Твоя идея была величественна и прекрасна. Ее лицо было будто высечено из какого-то вечного камня. А ты был такой же, как раньше, только в твоих глазах светилась восторженная влюбленность и преданность, и когда ты бережно и галантно подносил к раскрытому рту идеи найденные на свалке факты и умозаключения, все стадо радостно топало копытами, потому что чем упитаннее и самодовольнее идея, тем громче и победнее она бьет в барабан и тем сильнее и увереннее чувствует себя все стадо.

Потом я увидел тебя, когда ты прислуживал своей идее у плахи. Тогда ты уже отпустил бородку, отчего казался старше и мужественнее. Ты прижимал к плахе тонкую шею своей девчонки.

«Я люблю тебя, — шептала девчонка чуть слышно, — я люблю тебя и знаю, что и ты меня любишь, и мне ничего другого в жизни не надо, только спать с тобой, рожать тебе детей, варить тебе обед. Не сердись на меня за то, что мне ничего больше в жизни не надо, не сердись на меня за это, мой мужчина, борец и герой». Но слова твоей девчонки были такие будничные и тихие, как капельки слез, которые текут по щекам, и их заглушала громовая и властная речь идеи.

«Откажись от своей девчонки, она будет тебе только мешать, — говорила идея, — ведь твоя любовь к ней, это любовь к ней одной, к одному человеку. А я — это твоя любовь ко многим, к тысячам людей, ко всему человечеству. Но человечество ревниво и требовательно, — говорила идея, — ей нужен ты весь целиком, оно не хочет делить твою любовь с какой-то девчонкой. Откажись от своей девчонки, мой рыцарь, пожертвуй счастьем одного человека ради счастья многих, пожертвуй своей никому не интересной комнатной, постельной, шепотной любовью ради громадной и громкой любви, озаренной участием и уважением всего нашего благородного стада. Пожертвуй девчонкой, мой мужчина, борец и герой!
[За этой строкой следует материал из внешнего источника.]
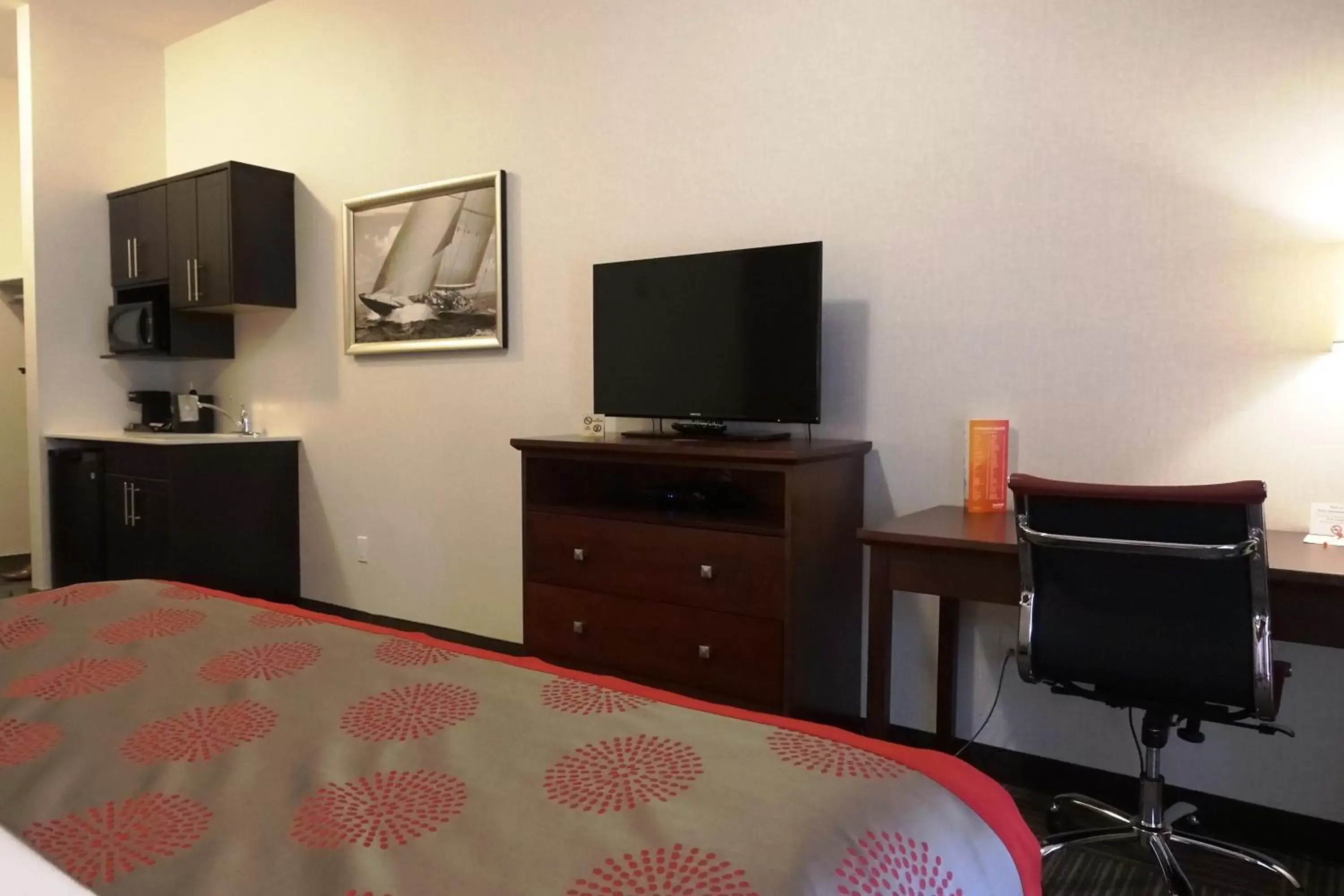 TV and multimedia, TV/Entertainment Center in Ramada by Wyndham Moose Jaw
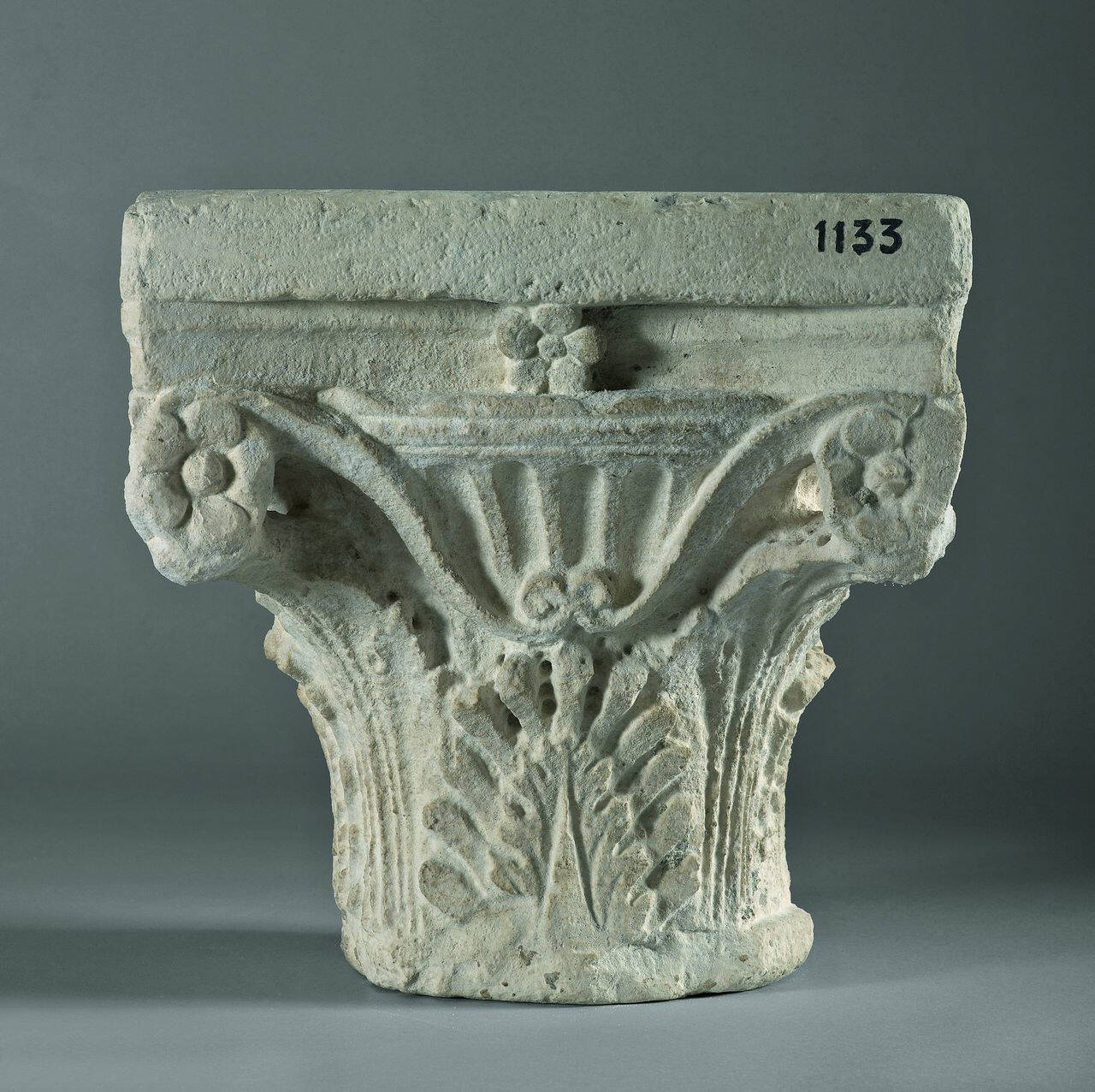 Capitello a un ordine di foglie d'acanto e bacellatura, in pendant (capitello) di Scultore - ambito lombardo (fine/ inizio sec. XV)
Предай ее! Предай! Предай!» — и каждое слово идеи падало на шею девчонки неоспоримо, как удар топора.

— Ты счастлив? — спросил я тебя, разливая коньяк по рюмкам.

Ты ответил:

— Счастлив.

Твое красивое лицо, обрамленное бородкой, отдаленно напоминающее лицо Христа, было одухотворено отблеском того пламени, которое пылало в твоей душе.

— А она? — спросил я.

— Кто?

— Та, с которой ты приходил ко мне.

— Ах, она! — и лицо твое на мгновенье потухло. — Я не знаю, где она.

Мы оба замолчали.

— Вы меня осуждаете? — спросил ты.

Я не мог на это сразу ответить и долго думал. Долго и трудно. Мучительно трудно.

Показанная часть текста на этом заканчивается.